====== INFORMATION PROVIDED ======

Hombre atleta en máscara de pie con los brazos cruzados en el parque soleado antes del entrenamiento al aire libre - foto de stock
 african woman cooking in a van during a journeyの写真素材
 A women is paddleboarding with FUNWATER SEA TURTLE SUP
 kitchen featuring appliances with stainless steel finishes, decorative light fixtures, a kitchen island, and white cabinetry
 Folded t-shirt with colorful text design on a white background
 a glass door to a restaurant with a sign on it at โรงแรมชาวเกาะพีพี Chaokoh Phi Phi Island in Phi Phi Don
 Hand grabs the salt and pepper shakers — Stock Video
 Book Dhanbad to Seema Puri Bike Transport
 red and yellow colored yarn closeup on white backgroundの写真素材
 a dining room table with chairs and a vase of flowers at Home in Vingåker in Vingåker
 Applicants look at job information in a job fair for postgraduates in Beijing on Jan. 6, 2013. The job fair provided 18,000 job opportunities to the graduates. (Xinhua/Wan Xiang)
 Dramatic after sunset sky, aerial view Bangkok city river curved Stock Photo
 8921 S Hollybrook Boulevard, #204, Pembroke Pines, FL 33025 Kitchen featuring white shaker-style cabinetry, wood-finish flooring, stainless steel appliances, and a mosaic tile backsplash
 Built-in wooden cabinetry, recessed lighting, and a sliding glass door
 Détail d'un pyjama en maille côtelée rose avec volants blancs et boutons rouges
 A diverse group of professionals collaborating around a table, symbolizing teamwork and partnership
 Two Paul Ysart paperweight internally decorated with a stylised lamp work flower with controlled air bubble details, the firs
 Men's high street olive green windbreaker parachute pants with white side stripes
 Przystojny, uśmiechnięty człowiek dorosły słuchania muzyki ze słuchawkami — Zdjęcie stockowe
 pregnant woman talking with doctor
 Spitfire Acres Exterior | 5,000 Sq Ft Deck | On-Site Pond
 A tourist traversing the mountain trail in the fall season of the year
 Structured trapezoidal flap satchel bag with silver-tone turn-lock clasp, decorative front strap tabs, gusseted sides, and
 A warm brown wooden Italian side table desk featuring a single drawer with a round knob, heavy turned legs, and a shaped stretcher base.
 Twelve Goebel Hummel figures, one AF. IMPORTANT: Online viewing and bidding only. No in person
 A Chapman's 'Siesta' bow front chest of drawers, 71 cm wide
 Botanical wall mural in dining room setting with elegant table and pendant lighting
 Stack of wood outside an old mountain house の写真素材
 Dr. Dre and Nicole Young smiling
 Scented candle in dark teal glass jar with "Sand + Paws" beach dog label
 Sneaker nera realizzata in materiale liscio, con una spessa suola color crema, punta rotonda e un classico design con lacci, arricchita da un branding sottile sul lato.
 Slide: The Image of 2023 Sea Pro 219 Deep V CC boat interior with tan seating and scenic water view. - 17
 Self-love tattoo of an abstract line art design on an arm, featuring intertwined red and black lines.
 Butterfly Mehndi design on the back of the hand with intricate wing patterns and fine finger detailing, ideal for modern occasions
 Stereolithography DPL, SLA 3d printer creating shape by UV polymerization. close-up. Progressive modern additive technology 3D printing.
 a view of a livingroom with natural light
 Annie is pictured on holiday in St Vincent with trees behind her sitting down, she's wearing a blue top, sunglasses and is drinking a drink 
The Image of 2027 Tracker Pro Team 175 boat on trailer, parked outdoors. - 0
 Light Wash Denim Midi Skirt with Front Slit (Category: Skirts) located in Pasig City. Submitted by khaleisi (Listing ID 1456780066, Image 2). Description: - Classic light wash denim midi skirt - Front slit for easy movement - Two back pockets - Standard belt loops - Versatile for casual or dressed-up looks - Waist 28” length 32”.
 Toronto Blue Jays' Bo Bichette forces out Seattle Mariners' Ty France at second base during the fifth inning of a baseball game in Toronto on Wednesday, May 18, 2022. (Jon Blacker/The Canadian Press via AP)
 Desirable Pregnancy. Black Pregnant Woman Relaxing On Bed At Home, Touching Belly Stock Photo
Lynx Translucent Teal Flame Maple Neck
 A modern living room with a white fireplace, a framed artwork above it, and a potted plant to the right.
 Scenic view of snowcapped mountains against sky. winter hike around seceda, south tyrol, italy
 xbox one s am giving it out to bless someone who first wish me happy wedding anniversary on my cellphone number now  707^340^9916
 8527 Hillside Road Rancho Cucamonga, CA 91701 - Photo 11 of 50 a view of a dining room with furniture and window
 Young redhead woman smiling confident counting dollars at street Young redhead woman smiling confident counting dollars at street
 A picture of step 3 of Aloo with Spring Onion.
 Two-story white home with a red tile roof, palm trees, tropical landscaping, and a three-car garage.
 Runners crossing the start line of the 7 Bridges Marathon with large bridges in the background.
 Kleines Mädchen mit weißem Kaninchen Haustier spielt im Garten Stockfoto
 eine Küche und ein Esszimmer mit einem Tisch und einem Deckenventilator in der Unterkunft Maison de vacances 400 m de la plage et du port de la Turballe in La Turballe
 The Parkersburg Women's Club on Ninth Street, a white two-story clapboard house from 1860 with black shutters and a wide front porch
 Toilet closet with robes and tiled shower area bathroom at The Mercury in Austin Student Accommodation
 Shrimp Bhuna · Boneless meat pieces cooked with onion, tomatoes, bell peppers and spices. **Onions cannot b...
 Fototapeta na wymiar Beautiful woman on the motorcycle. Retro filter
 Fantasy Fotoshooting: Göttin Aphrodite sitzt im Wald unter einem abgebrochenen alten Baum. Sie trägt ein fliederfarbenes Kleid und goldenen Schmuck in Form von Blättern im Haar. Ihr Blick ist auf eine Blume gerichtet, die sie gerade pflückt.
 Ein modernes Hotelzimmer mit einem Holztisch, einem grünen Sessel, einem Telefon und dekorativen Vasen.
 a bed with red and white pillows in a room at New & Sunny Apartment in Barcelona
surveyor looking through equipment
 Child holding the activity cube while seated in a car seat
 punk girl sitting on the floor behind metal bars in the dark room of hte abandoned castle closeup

======

_REQUIRED ACTION_
Copy the lines above exactly. Start with the line containing "Dr. Dre and Nicole Young smiling", end with the line containing "The Image of 2027", and include both.

_TASK SOLUTION_
 Dr. Dre and Nicole Young smiling
 Scented candle in dark teal glass jar with "Sand + Paws" beach dog label
 Sneaker nera realizzata in materiale liscio, con una spessa suola color crema, punta rotonda e un classico design con lacci, arricchita da un branding sottile sul lato.
 Slide: The Image of 2023 Sea Pro 219 Deep V CC boat interior with tan seating and scenic water view. - 17
 Self-love tattoo of an abstract line art design on an arm, featuring intertwined red and black lines.
 Butterfly Mehndi design on the back of the hand with intricate wing patterns and fine finger detailing, ideal for modern occasions
 Stereolithography DPL, SLA 3d printer creating shape by UV polymerization. close-up. Progressive modern additive technology 3D printing.
 a view of a livingroom with natural light
 Annie is pictured on holiday in St Vincent with trees behind her sitting down, she's wearing a blue top, sunglasses and is drinking a drink 
The Image of 2027 Tracker Pro Team 175 boat on trailer, parked outdoors. - 0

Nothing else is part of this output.